■ Instructions to follow
When you reach the line containing "Alt View 1." in the records below, start copying exactly, and stop once you have copied the line containing "Set line GMO, No, Test".
===
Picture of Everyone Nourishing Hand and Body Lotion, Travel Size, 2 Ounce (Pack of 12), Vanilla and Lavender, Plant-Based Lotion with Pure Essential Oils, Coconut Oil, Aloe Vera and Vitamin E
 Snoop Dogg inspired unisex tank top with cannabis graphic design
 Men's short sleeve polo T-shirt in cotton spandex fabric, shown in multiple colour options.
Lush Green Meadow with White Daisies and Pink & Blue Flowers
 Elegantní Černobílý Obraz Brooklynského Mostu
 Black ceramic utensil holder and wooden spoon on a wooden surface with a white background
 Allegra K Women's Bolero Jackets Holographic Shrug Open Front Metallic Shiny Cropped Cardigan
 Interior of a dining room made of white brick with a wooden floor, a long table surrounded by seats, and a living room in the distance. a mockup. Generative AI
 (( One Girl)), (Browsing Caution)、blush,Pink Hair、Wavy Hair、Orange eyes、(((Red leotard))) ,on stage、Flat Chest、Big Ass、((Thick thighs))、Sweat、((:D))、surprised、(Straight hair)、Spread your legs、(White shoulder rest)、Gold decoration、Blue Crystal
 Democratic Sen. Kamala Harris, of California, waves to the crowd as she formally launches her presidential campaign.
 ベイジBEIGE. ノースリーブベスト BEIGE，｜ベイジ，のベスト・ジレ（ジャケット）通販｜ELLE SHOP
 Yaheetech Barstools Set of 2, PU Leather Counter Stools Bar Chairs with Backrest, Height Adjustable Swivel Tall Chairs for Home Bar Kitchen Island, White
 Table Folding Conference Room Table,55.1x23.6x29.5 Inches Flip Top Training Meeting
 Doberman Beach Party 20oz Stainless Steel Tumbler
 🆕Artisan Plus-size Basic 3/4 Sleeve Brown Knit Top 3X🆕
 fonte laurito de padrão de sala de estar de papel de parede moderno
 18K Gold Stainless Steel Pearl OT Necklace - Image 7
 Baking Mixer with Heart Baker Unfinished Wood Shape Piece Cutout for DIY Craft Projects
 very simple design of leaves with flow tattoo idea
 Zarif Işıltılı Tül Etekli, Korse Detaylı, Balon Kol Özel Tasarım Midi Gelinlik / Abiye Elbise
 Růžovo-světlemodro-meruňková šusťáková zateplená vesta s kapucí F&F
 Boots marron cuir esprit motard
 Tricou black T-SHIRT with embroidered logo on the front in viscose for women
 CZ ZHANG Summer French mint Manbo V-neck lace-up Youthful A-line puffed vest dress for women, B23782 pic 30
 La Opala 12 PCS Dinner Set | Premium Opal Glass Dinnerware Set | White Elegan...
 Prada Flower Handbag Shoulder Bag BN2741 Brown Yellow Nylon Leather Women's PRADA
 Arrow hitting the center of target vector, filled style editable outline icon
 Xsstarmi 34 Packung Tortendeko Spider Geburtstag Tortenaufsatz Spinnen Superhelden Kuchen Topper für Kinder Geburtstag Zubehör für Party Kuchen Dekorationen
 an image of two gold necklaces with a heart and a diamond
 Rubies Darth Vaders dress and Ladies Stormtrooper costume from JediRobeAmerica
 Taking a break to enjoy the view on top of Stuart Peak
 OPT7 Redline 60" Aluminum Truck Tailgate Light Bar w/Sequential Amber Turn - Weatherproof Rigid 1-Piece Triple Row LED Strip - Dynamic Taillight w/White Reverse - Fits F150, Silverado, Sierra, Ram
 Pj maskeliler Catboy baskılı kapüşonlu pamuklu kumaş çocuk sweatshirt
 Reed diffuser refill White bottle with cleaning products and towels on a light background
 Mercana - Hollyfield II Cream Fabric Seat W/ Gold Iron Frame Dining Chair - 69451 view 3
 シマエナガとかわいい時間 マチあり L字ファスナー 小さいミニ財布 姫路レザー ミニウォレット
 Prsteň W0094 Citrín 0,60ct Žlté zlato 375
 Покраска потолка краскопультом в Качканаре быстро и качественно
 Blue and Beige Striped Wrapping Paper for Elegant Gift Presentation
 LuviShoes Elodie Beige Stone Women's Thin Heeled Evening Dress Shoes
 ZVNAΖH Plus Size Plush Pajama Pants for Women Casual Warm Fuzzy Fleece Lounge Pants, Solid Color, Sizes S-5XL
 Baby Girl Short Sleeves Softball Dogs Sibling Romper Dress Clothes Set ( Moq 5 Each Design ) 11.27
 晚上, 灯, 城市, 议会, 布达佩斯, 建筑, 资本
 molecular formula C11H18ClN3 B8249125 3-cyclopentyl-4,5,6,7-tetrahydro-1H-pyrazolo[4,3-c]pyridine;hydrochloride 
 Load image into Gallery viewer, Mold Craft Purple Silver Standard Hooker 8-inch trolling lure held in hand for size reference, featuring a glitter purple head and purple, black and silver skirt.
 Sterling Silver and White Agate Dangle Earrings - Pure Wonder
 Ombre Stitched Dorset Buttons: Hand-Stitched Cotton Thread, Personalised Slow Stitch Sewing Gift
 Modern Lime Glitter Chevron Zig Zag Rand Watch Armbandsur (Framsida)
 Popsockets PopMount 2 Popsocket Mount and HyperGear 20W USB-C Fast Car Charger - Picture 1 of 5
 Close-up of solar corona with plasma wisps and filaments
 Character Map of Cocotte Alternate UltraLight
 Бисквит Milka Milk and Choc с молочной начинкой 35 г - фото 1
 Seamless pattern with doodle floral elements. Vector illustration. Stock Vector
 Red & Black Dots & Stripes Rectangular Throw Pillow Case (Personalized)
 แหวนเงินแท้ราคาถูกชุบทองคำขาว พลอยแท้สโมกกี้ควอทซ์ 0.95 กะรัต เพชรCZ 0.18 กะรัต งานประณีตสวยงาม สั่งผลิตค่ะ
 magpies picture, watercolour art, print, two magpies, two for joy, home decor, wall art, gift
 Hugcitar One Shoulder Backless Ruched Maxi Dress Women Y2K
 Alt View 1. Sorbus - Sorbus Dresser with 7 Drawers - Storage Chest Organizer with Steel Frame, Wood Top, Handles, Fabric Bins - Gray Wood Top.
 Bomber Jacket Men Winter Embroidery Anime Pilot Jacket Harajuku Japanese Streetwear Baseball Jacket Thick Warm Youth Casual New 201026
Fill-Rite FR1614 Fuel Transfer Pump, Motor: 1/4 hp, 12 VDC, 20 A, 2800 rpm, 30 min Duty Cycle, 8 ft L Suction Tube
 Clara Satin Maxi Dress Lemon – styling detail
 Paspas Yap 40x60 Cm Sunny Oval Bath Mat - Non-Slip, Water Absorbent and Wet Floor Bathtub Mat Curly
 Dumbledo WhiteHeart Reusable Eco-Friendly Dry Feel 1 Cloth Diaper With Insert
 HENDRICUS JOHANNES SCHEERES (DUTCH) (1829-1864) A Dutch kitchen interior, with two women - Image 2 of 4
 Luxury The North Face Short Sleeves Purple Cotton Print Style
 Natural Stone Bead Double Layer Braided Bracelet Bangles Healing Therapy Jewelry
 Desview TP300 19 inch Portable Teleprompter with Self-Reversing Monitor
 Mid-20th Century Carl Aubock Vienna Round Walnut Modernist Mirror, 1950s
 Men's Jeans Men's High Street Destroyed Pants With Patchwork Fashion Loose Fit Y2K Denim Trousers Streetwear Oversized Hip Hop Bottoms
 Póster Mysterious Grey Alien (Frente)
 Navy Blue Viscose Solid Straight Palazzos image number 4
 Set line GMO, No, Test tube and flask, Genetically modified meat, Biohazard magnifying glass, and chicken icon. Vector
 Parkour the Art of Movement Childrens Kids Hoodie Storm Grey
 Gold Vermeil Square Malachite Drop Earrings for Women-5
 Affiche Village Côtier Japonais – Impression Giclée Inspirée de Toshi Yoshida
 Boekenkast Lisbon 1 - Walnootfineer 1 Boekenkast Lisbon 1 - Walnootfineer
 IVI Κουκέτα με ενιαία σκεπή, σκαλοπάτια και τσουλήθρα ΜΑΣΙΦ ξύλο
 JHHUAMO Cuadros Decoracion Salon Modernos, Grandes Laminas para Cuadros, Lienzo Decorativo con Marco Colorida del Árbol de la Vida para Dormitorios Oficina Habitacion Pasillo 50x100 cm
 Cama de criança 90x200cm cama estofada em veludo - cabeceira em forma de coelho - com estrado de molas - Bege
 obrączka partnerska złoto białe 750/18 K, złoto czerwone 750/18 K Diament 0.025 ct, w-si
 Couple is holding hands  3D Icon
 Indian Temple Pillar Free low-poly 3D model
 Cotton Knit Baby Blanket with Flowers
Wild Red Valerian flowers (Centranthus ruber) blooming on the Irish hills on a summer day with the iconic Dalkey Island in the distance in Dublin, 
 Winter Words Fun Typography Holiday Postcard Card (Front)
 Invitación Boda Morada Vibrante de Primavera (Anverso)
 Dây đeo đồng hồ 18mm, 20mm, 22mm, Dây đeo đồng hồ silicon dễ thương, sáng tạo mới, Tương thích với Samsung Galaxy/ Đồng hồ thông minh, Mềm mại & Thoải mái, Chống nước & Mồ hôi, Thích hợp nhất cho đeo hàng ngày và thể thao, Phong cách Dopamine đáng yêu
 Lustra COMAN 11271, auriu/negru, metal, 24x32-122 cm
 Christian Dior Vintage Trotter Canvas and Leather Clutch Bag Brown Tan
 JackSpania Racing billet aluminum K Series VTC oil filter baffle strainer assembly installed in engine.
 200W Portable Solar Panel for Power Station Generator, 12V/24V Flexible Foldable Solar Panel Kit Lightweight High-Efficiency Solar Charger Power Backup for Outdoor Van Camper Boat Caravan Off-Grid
===
■ Reply
 Alt View 1. Sorbus - Sorbus Dresser with 7 Drawers - Storage Chest Organizer with Steel Frame, Wood Top, Handles, Fabric Bins - Gray Wood Top.
 Bomber Jacket Men Winter Embroidery Anime Pilot Jacket Harajuku Japanese Streetwear Baseball Jacket Thick Warm Youth Casual New 201026
Fill-Rite FR1614 Fuel Transfer Pump, Motor: 1/4 hp, 12 VDC, 20 A, 2800 rpm, 30 min Duty Cycle, 8 ft L Suction Tube
 Clara Satin Maxi Dress Lemon – styling detail
 Paspas Yap 40x60 Cm Sunny Oval Bath Mat - Non-Slip, Water Absorbent and Wet Floor Bathtub Mat Curly
 Dumbledo WhiteHeart Reusable Eco-Friendly Dry Feel 1 Cloth Diaper With Insert
 HENDRICUS JOHANNES SCHEERES (DUTCH) (1829-1864) A Dutch kitchen interior, with two women - Image 2 of 4
 Luxury The North Face Short Sleeves Purple Cotton Print Style
 Natural Stone Bead Double Layer Braided Bracelet Bangles Healing Therapy Jewelry
 Desview TP300 19 inch Portable Teleprompter with Self-Reversing Monitor
 Mid-20th Century Carl Aubock Vienna Round Walnut Modernist Mirror, 1950s
 Men's Jeans Men's High Street Destroyed Pants With Patchwork Fashion Loose Fit Y2K Denim Trousers Streetwear Oversized Hip Hop Bottoms
 Póster Mysterious Grey Alien (Frente)
 Navy Blue Viscose Solid Straight Palazzos image number 4
 Set line GMO, No, Test tube and flask, Genetically modified meat, Biohazard magnifying glass, and chicken icon. Vector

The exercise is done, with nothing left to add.